***** Data for the task *****
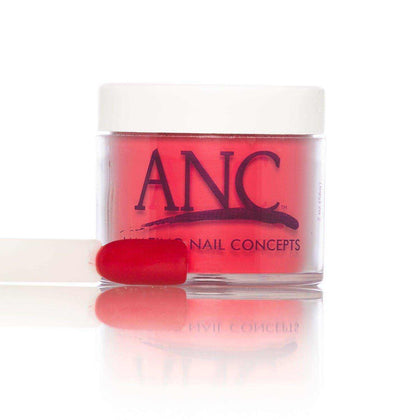 ANC Dip Powder - Jester Red - 213 nailmall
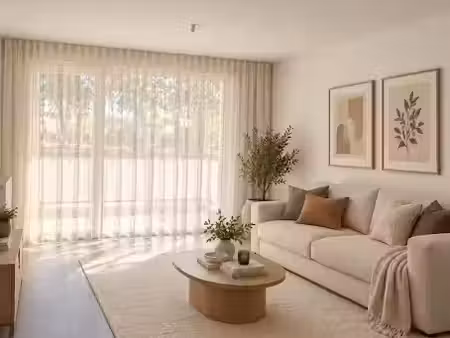vente appartement 3 pièces 57 m² à tournefeuille (31170)  219 900 €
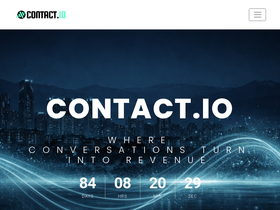 contact.io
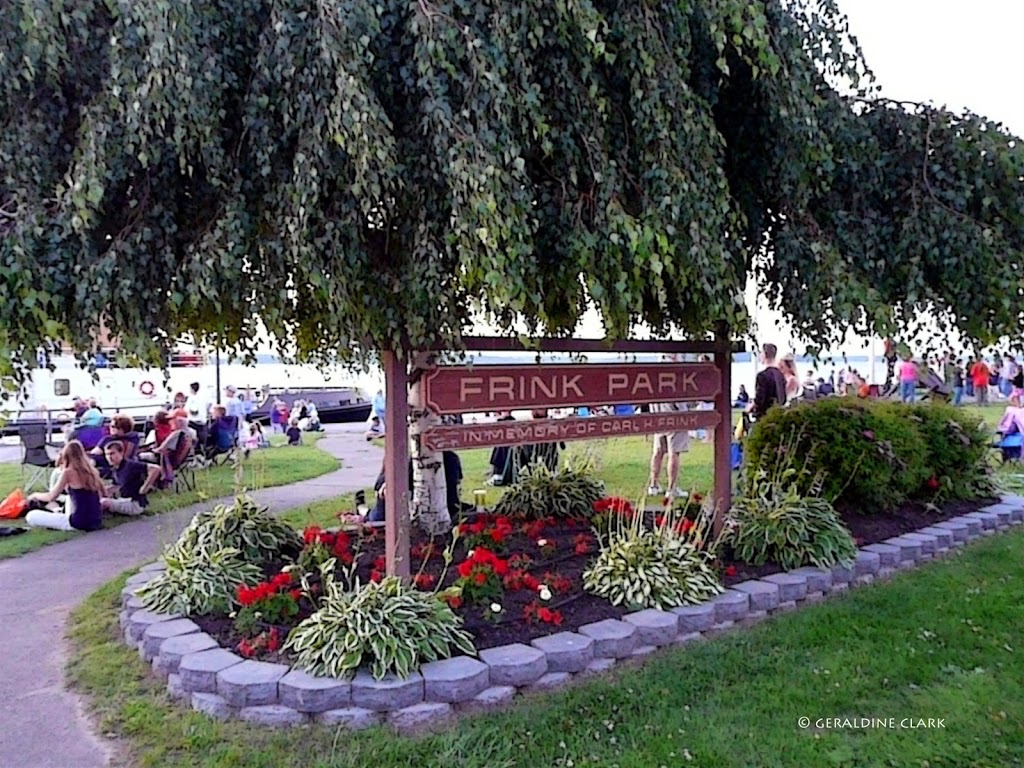 Town Of Clayton NY | 334 Riverside Dr, Clayton, NY 13624, USA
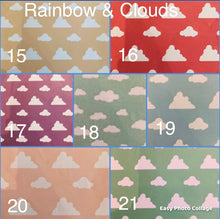 Load image into Gallery viewer, Cloud  Decor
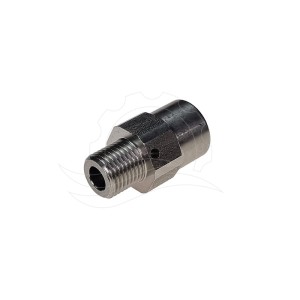 Inžektors 2,5 mm G1/4''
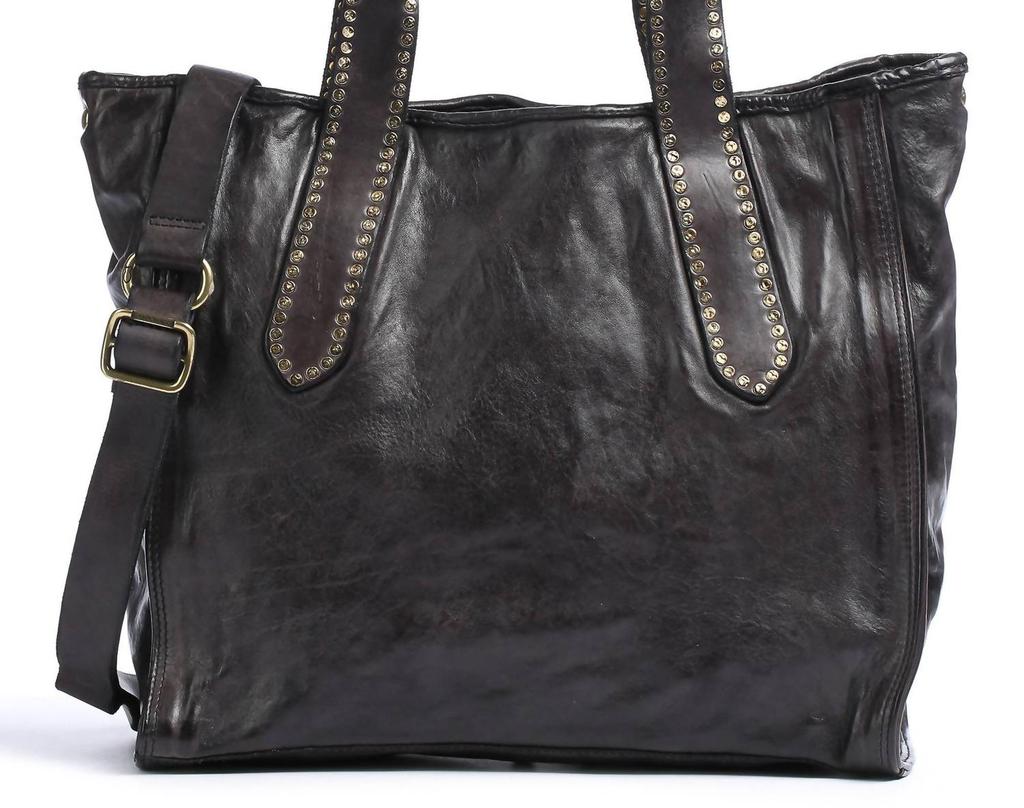 CAMPOMAGGI SHOPPING MEDIA BAG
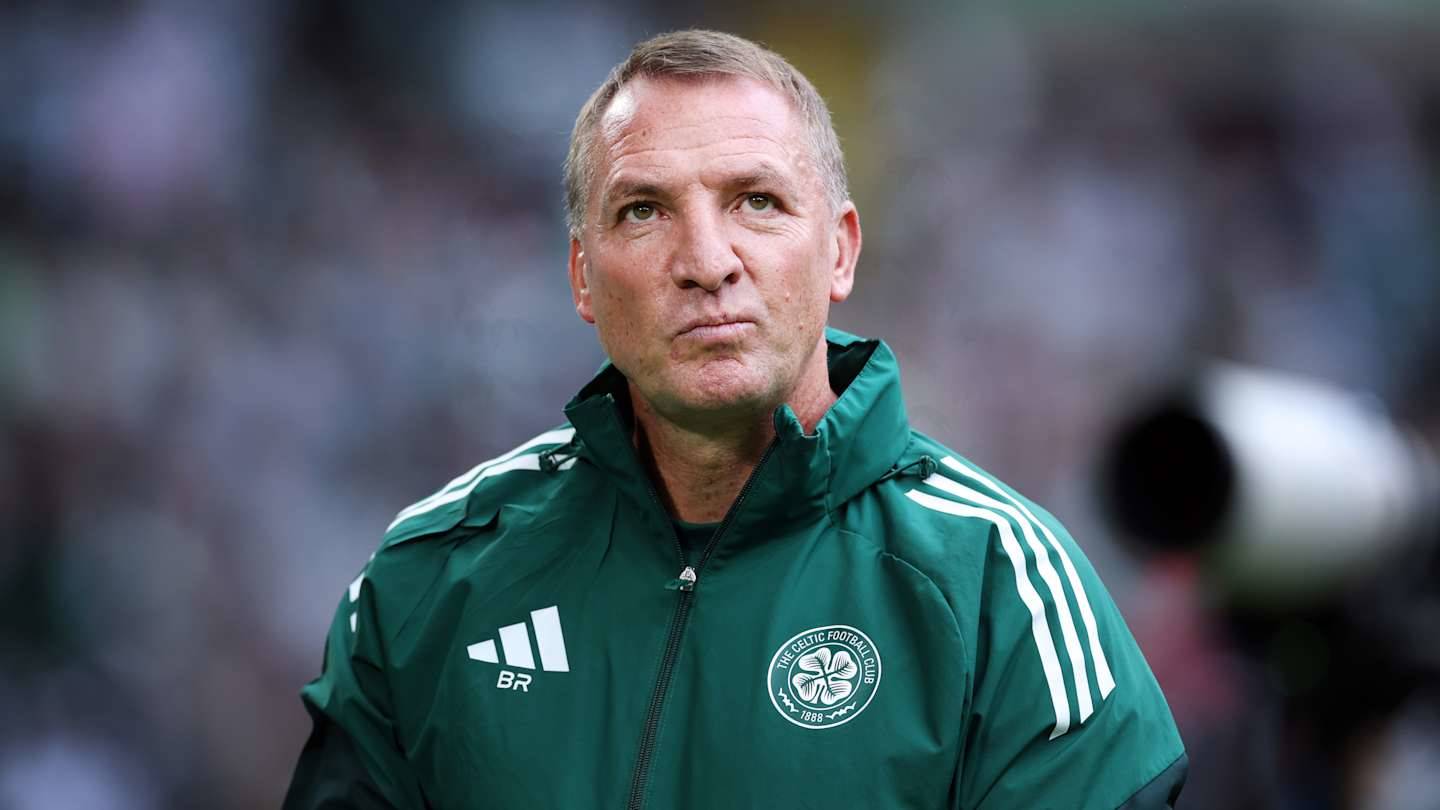 Celtic told to sign 23-year-old English winger for free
*****
● **Exercise brief**:
Set down the data above exactly as written. Omit the pictures.

● **Finished exercise**:
 ANC Dip Powder - Jester Red - 213 nailmall
vente appartement 3 pièces 57 m² à tournefeuille (31170)  219 900 €
 contact.io
 Town Of Clayton NY | 334 Riverside Dr, Clayton, NY 13624, USA
 Load image into Gallery viewer, Cloud  Decor
 Inžektors 2,5 mm G1/4''
 CAMPOMAGGI SHOPPING MEDIA BAG
 Celtic told to sign 23-year-old English winger for free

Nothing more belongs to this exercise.